Saved data entries
"""

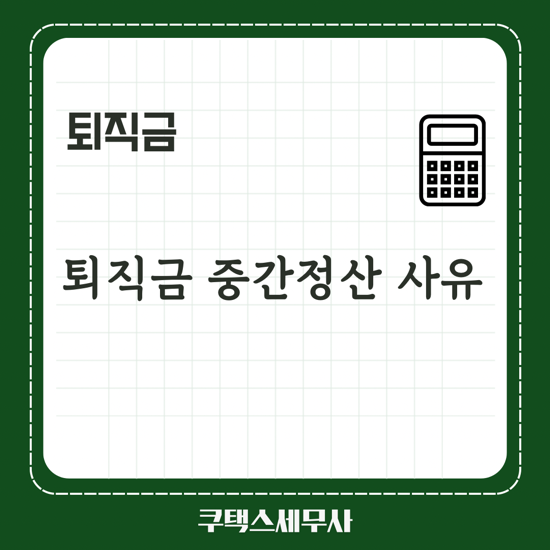  퇴직금 중간정산 사유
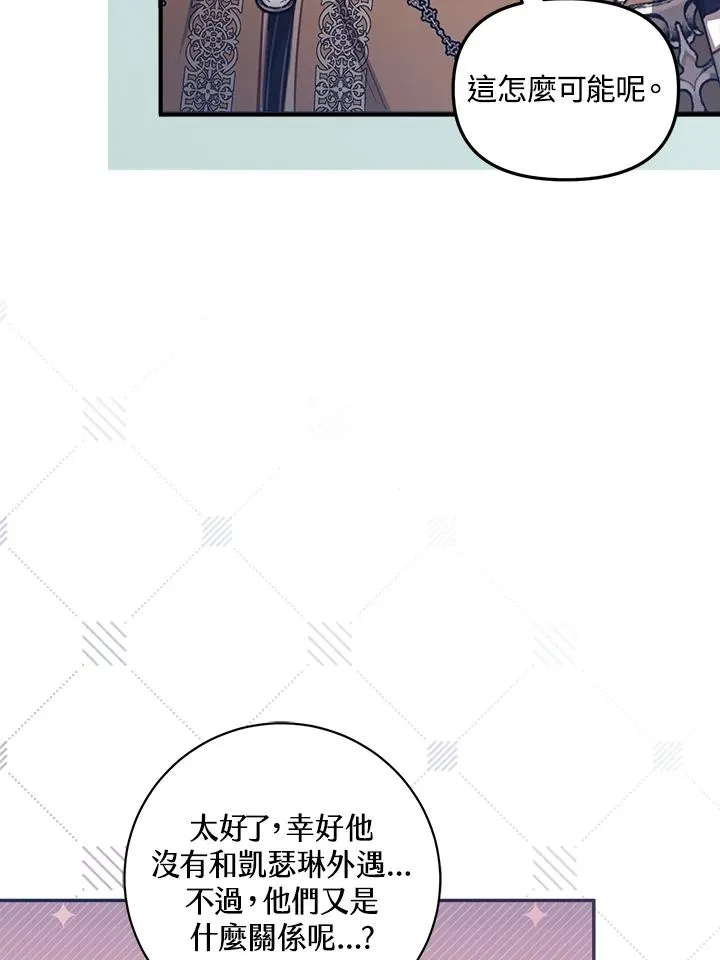 第23话34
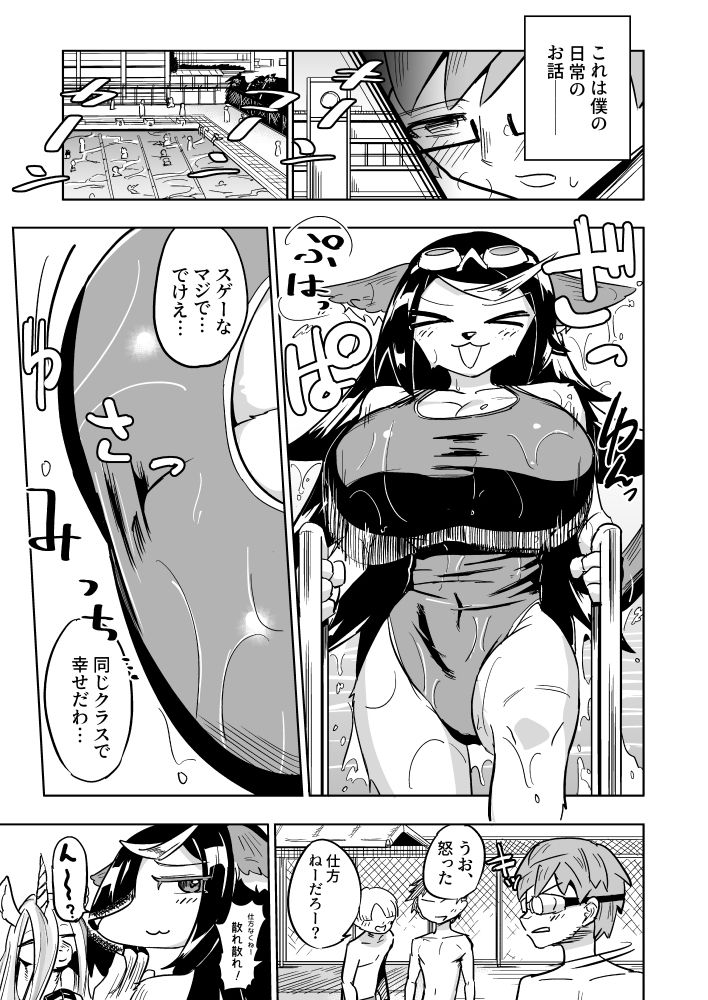 異星人の繫殖日記12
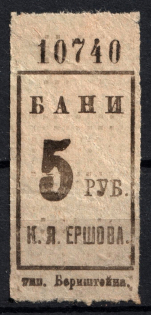 5r Consumer Society, Banya, Russia (MNH)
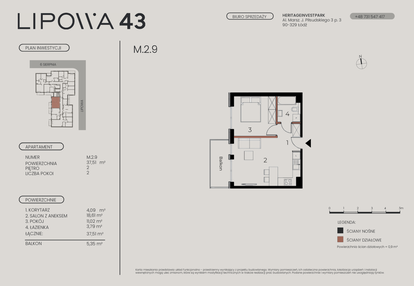 Mieszkanie w inwestycji: Lipowa 43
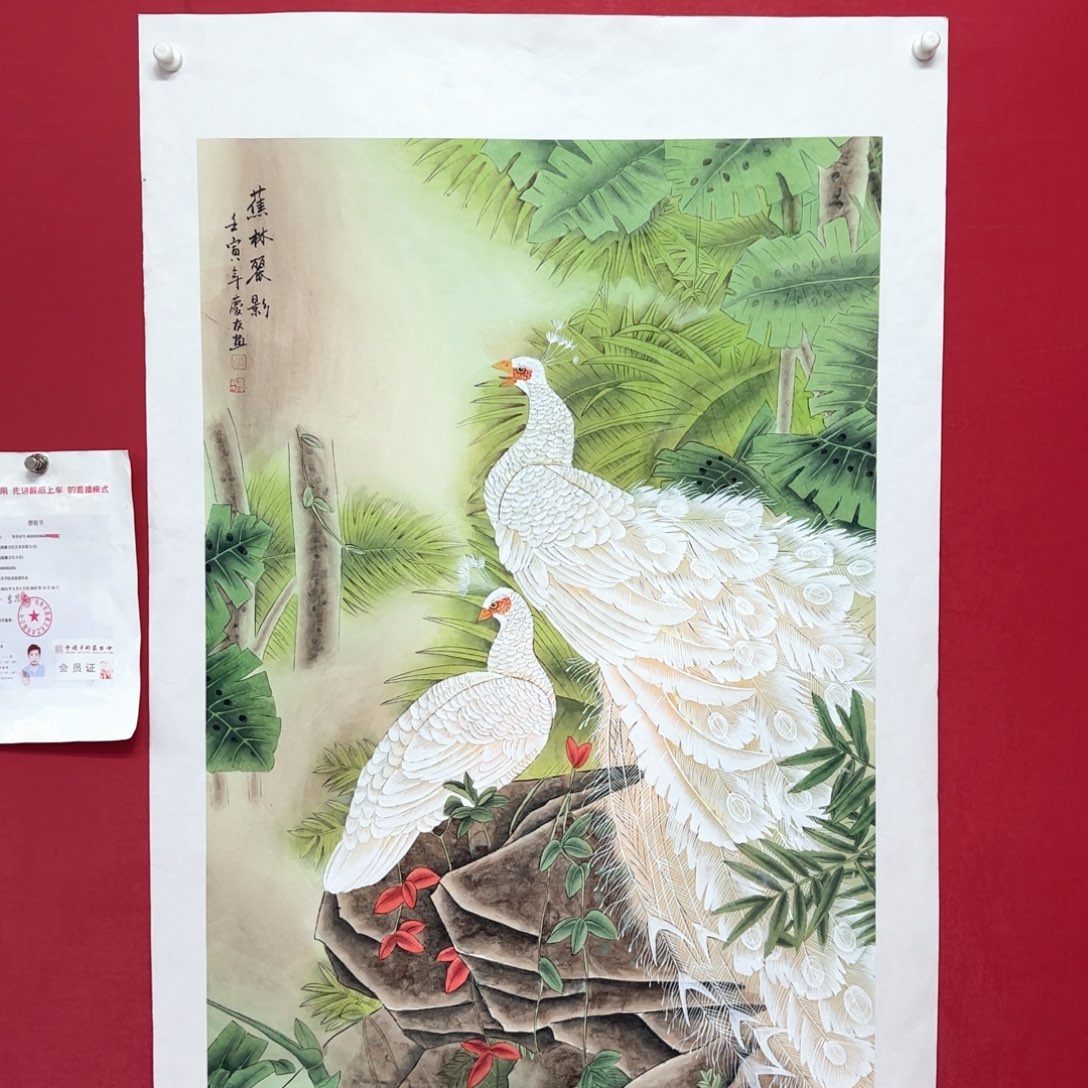 国画国画庆友老师作品欣赏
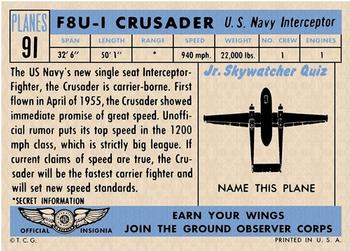 1957 Topps Planes (R707-2) #91 F8U-1 Crusader Back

"""

DIRECTIONS -
All entries should be reproduced exactly; no picture belongs in the result.

OUTPUT -
  퇴직금 중간정산 사유
 第23话34
 異星人の繫殖日記12
 5r Consumer Society, Banya, Russia (MNH)
 Mieszkanie w inwestycji: Lipowa 43
 国画国画庆友老师作品欣赏
 1957 Topps Planes (R707-2) #91 F8U-1 Crusader Back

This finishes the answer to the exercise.